Intermediate Results
ref/bst_ref.c is the reference implementation. Not surprisingly, it performs badly for large sizes.
opt/bst_001_transposed.c is the first optimization we did. It mirrors the triangular table (storing every value in the e-table twice) such that columns in the table become rows.
opt/bst_101_scalar_rep.c (blue line at the bottom) has a different access pattern in the triangular table. That is, the table is built up from bottom up instead of along the diagonals as in the reference implementation.
Now, this implementation performs worse for large sizes than the reference implementation. The reason is probably that there is less spatial locality for elements in the bottom of the table.

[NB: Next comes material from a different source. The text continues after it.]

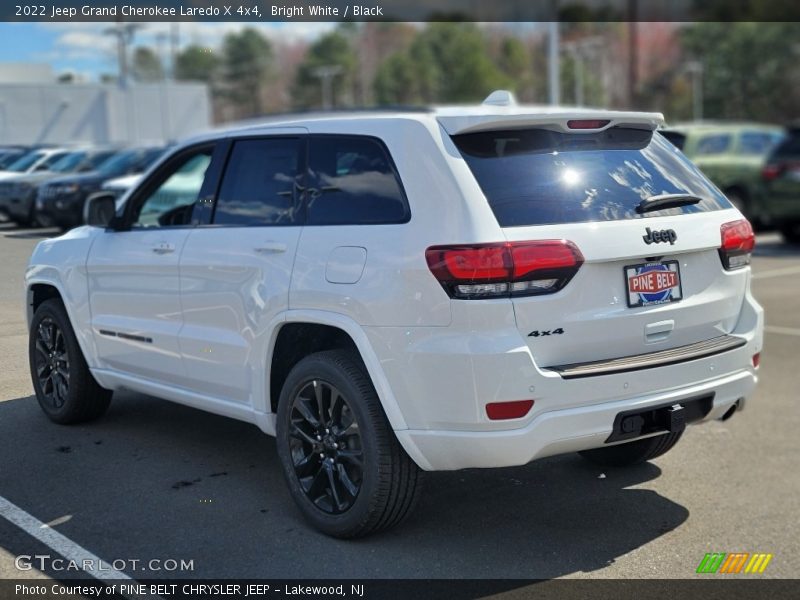 Bright White / Black 2022 Jeep Grand Cherokee Laredo X 4x4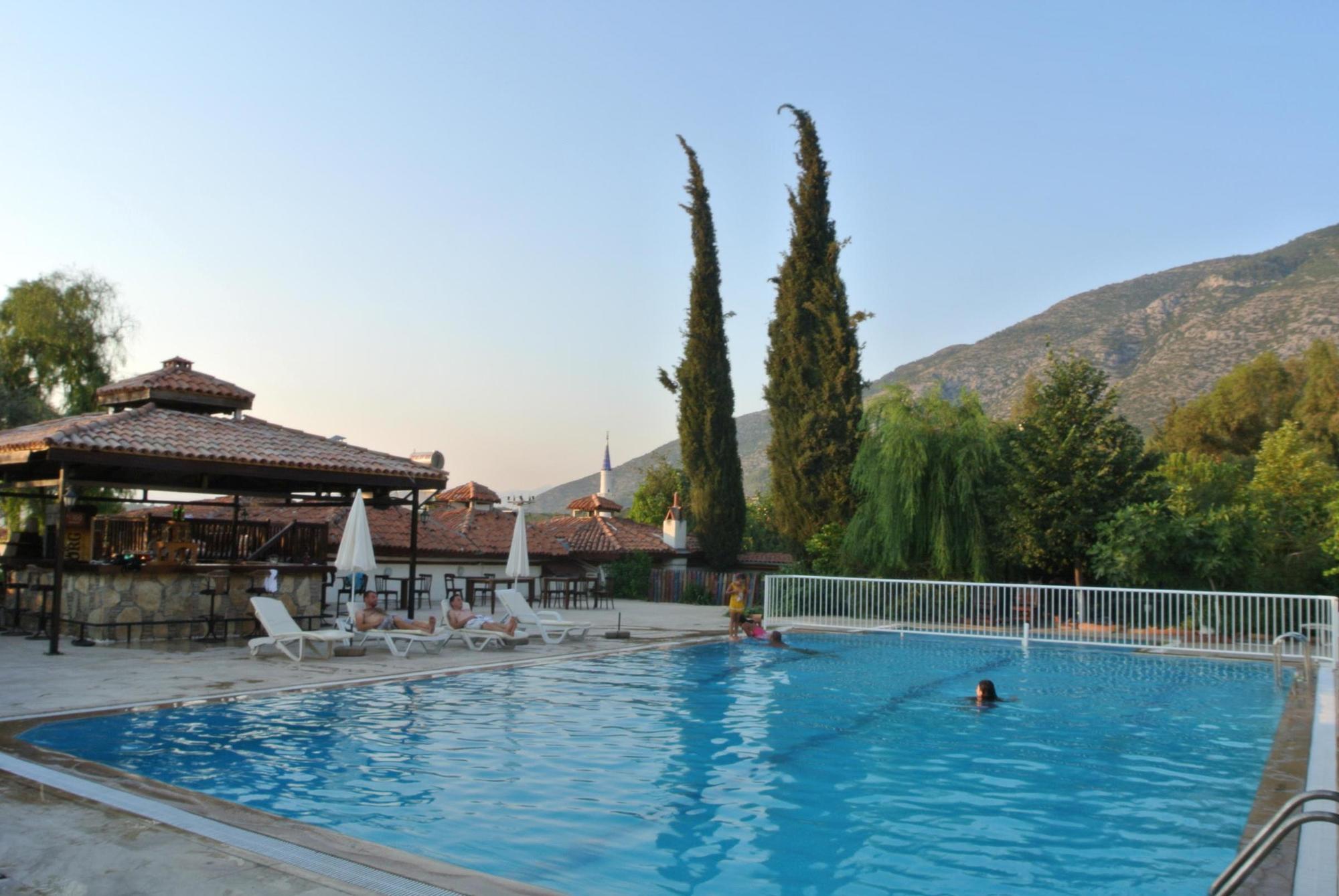 Salhan Apart Inn Hotel Олудениз Екстериор снимка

opt/bst_106_scalar_rep_transp.c however, if we apply the same trick as before and mirror the triangular table along the diagonal, we can significantly increase the performance.
opt/bst_103_why_would_you_block Now, here we reserve twice the memory which is needed, just as in the reference implementation, we build the table bottom-up, but we swap the r- and j-loop, meaning that the innermost loop accesses the table row wise.
opt/bst_112_new_index (misleading name, I admit) is the same as above, just that now we use half the memory. The performance thus increases, probably due to the fact that the hardware prefetcher does not load unused memory into the cache as it is likely the case for bst_103. This observation is also supported by the last-level cache misses which are slightly higher for bst_103 than for bst_112.
opt/bst_113_strength_red and opt/bst_117_index_opt are essentially the same. The difference to bst_112 is that complex indices-calculation is taking out from the inner loops.